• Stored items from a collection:

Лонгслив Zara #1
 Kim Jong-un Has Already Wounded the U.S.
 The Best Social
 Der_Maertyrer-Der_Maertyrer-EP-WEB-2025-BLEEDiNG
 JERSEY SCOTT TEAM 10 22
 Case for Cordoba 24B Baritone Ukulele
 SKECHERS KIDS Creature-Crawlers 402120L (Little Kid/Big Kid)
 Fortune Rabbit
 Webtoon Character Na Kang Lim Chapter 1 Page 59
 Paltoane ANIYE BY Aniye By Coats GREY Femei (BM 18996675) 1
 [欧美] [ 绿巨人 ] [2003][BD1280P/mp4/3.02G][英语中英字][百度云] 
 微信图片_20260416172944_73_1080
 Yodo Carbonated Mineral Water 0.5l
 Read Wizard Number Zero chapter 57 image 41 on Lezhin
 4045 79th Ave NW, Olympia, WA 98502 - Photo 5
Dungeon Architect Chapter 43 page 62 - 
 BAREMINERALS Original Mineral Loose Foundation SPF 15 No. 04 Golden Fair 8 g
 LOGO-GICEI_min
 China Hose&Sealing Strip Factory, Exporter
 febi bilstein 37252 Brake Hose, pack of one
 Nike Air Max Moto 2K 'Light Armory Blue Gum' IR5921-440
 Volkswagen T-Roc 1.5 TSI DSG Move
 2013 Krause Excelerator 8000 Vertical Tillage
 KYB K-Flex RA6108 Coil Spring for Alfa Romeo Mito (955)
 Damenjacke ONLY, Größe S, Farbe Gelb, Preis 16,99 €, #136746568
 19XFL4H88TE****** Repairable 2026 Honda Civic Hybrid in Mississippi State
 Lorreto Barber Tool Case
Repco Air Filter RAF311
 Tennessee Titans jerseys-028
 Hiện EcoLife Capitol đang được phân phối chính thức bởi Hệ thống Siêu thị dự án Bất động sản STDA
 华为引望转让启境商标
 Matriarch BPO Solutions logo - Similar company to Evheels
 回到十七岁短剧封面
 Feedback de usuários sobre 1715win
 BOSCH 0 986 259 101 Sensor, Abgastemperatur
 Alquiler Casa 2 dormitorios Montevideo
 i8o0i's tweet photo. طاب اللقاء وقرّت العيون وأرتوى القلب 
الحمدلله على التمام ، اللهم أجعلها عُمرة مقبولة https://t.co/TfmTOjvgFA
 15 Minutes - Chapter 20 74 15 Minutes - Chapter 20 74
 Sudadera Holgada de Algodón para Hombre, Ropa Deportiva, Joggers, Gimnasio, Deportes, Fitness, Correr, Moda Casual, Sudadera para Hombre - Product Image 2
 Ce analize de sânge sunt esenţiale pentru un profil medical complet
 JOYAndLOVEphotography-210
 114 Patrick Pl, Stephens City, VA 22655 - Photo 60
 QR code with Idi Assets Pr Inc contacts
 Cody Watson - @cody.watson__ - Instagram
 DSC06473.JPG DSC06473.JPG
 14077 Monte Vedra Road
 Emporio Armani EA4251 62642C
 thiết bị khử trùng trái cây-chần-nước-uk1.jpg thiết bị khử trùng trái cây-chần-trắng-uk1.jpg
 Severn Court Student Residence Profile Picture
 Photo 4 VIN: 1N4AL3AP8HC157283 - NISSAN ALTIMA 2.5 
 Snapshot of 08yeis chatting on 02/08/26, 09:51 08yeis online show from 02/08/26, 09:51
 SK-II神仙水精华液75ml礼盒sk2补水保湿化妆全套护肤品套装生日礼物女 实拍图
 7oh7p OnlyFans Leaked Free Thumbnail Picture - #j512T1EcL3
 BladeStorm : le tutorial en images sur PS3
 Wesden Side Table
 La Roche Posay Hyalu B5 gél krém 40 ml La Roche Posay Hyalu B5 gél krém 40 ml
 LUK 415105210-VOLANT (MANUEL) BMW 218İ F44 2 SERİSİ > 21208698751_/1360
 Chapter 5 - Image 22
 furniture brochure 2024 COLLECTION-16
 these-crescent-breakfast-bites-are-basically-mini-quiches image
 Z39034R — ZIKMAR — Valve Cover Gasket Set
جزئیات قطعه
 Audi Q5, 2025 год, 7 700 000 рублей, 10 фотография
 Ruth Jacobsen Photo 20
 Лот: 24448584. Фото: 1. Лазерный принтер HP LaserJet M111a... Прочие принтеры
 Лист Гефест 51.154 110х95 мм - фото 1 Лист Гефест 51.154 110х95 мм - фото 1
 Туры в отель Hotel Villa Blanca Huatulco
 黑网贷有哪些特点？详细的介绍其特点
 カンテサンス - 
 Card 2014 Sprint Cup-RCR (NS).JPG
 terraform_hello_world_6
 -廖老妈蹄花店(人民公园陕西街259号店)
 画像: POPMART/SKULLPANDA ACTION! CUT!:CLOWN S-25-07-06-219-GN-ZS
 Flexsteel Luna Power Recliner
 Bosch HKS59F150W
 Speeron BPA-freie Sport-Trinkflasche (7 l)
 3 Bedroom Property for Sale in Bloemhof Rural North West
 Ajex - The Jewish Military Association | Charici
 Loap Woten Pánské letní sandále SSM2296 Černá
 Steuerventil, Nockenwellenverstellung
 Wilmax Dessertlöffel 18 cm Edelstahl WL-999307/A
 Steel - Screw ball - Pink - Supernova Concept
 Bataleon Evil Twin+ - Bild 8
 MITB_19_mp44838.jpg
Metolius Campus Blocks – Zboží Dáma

• The problem: Please give the data again in full, exactly as written.

• Response:
Лонгслив Zara #1
 Kim Jong-un Has Already Wounded the U.S.
 The Best Social
 Der_Maertyrer-Der_Maertyrer-EP-WEB-2025-BLEEDiNG
 JERSEY SCOTT TEAM 10 22
 Case for Cordoba 24B Baritone Ukulele
 SKECHERS KIDS Creature-Crawlers 402120L (Little Kid/Big Kid)
 Fortune Rabbit
 Webtoon Character Na Kang Lim Chapter 1 Page 59
 Paltoane ANIYE BY Aniye By Coats GREY Femei (BM 18996675) 1
 [欧美] [ 绿巨人 ] [2003][BD1280P/mp4/3.02G][英语中英字][百度云] 
 微信图片_20260416172944_73_1080
 Yodo Carbonated Mineral Water 0.5l
 Read Wizard Number Zero chapter 57 image 41 on Lezhin
 4045 79th Ave NW, Olympia, WA 98502 - Photo 5
Dungeon Architect Chapter 43 page 62 - 
 BAREMINERALS Original Mineral Loose Foundation SPF 15 No. 04 Golden Fair 8 g
 LOGO-GICEI_min
 China Hose&Sealing Strip Factory, Exporter
 febi bilstein 37252 Brake Hose, pack of one
 Nike Air Max Moto 2K 'Light Armory Blue Gum' IR5921-440
 Volkswagen T-Roc 1.5 TSI DSG Move
 2013 Krause Excelerator 8000 Vertical Tillage
 KYB K-Flex RA6108 Coil Spring for Alfa Romeo Mito (955)
 Damenjacke ONLY, Größe S, Farbe Gelb, Preis 16,99 €, #136746568
 19XFL4H88TE****** Repairable 2026 Honda Civic Hybrid in Mississippi State
 Lorreto Barber Tool Case
Repco Air Filter RAF311
 Tennessee Titans jerseys-028
 Hiện EcoLife Capitol đang được phân phối chính thức bởi Hệ thống Siêu thị dự án Bất động sản STDA
 华为引望转让启境商标
 Matriarch BPO Solutions logo - Similar company to Evheels
 回到十七岁短剧封面
 Feedback de usuários sobre 1715win
 BOSCH 0 986 259 101 Sensor, Abgastemperatur
 Alquiler Casa 2 dormitorios Montevideo
 i8o0i's tweet photo. طاب اللقاء وقرّت العيون وأرتوى القلب 
الحمدلله على التمام ، اللهم أجعلها عُمرة مقبولة https://t.co/TfmTOjvgFA
 15 Minutes - Chapter 20 74 15 Minutes - Chapter 20 74
 Sudadera Holgada de Algodón para Hombre, Ropa Deportiva, Joggers, Gimnasio, Deportes, Fitness, Correr, Moda Casual, Sudadera para Hombre - Product Image 2
 Ce analize de sânge sunt esenţiale pentru un profil medical complet
 JOYAndLOVEphotography-210
 114 Patrick Pl, Stephens City, VA 22655 - Photo 60
 QR code with Idi Assets Pr Inc contacts
 Cody Watson - @cody.watson__ - Instagram
 DSC06473.JPG DSC06473.JPG
 14077 Monte Vedra Road
 Emporio Armani EA4251 62642C
 thiết bị khử trùng trái cây-chần-nước-uk1.jpg thiết bị khử trùng trái cây-chần-trắng-uk1.jpg
 Severn Court Student Residence Profile Picture
 Photo 4 VIN: 1N4AL3AP8HC157283 - NISSAN ALTIMA 2.5 
 Snapshot of 08yeis chatting on 02/08/26, 09:51 08yeis online show from 02/08/26, 09:51
 SK-II神仙水精华液75ml礼盒sk2补水保湿化妆全套护肤品套装生日礼物女 实拍图
 7oh7p OnlyFans Leaked Free Thumbnail Picture - #j512T1EcL3
 BladeStorm : le tutorial en images sur PS3
 Wesden Side Table
 La Roche Posay Hyalu B5 gél krém 40 ml La Roche Posay Hyalu B5 gél krém 40 ml
 LUK 415105210-VOLANT (MANUEL) BMW 218İ F44 2 SERİSİ > 21208698751_/1360
 Chapter 5 - Image 22
 furniture brochure 2024 COLLECTION-16
 these-crescent-breakfast-bites-are-basically-mini-quiches image
 Z39034R — ZIKMAR — Valve Cover Gasket Set
جزئیات قطعه
 Audi Q5, 2025 год, 7 700 000 рублей, 10 фотография
 Ruth Jacobsen Photo 20
 Лот: 24448584. Фото: 1. Лазерный принтер HP LaserJet M111a... Прочие принтеры
 Лист Гефест 51.154 110х95 мм - фото 1 Лист Гефест 51.154 110х95 мм - фото 1
 Туры в отель Hotel Villa Blanca Huatulco
 黑网贷有哪些特点？详细的介绍其特点
 カンテサンス - 
 Card 2014 Sprint Cup-RCR (NS).JPG
 terraform_hello_world_6
 -廖老妈蹄花店(人民公园陕西街259号店)
 画像: POPMART/SKULLPANDA ACTION! CUT!:CLOWN S-25-07-06-219-GN-ZS
 Flexsteel Luna Power Recliner
 Bosch HKS59F150W
 Speeron BPA-freie Sport-Trinkflasche (7 l)
 3 Bedroom Property for Sale in Bloemhof Rural North West
 Ajex - The Jewish Military Association | Charici
 Loap Woten Pánské letní sandále SSM2296 Černá
 Steuerventil, Nockenwellenverstellung
 Wilmax Dessertlöffel 18 cm Edelstahl WL-999307/A
 Steel - Screw ball - Pink - Supernova Concept
 Bataleon Evil Twin+ - Bild 8
 MITB_19_mp44838.jpg
Metolius Campus Blocks – Zboží Dáma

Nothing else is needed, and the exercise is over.